Pausch's unique outlook on life earned him significant notoriety. Following the last lecture, he appeared on Oprah and The Today Show, was named one of ABC News's "Persons of the Year" in 2007, and made TIME magazine's list of the 100 most influential people in the world.

Bringing People Together

Breaking the outsiders' perception of the stodgy computer scientist, Pausch is well-known for his energetic and personable demeanor, a point that was acknowledged extensively during the memorial. That likeability enabled Pausch to reach beyond traditional academic barriers and connect with students in a way that implants life-long admiration.

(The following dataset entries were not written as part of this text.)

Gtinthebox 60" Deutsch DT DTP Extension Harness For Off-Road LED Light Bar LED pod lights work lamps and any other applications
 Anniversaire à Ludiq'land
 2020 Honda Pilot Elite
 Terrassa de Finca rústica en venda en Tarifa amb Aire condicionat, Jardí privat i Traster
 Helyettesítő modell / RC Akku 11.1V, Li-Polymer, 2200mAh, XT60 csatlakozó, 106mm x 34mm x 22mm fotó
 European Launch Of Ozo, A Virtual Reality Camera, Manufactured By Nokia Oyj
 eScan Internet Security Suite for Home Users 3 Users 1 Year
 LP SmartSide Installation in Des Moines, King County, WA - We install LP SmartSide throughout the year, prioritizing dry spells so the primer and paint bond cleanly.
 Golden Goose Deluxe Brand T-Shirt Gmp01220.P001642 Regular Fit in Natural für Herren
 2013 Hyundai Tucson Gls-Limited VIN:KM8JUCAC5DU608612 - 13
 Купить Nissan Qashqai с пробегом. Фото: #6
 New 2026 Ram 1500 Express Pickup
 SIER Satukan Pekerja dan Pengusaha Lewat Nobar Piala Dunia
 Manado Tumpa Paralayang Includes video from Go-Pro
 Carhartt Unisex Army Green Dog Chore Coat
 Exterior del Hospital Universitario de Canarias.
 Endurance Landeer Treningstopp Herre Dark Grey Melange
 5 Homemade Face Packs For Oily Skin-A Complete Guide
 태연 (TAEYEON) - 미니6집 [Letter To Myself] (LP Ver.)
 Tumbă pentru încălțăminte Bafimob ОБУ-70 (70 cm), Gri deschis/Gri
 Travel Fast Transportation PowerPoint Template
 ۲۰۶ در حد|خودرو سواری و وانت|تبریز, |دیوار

By pushing talented students to do their very best, Pausch ensured that the university's student talent pool will continue to deepen, attracting industry leaders eager to jump in. Companies such as Microsoft, Google, and Sun have pledged lasting commitments to working with Carnegie Mellon students, thus providing them with invaluable real-world experience and an unparalleled educational resource. Such relationships place Carnegie Mellon at the forefront of prospective universities as students seek the opportunities that will best serve their educational and career goals.

Pausch's legacy, though, extends far beyond the university. By teaching people to think logically by learning to program in a fun environment, students everywhere will be able to enter a world previously consigned to scientists and mathematicians.

"It's because of Randy Pausch and the Entertainment Technology Center that I'm able to advance in the world of game design at all," said Lisa Brown, a graduate student at the ETC. Brown was one of four recipients of the first Randy Pausch Scholarship established by the Academy of Interactive Arts & Sciences

A Fitting Tribute

As a permanent symbol of his vision, the university is building the Randy Pausch Memorial Footbridge, which will connect the Gates Center for Computer Science, now under construction, to the Purnell Center for the Arts. The footbridge will allow students for generations to come the opportunity to metaphorically walk in footsteps of a Carnegie Mellon legend and friend.

"And, yes," added President Cohon, "there will be a brick wall at the end of it. We wouldn't have it any other way."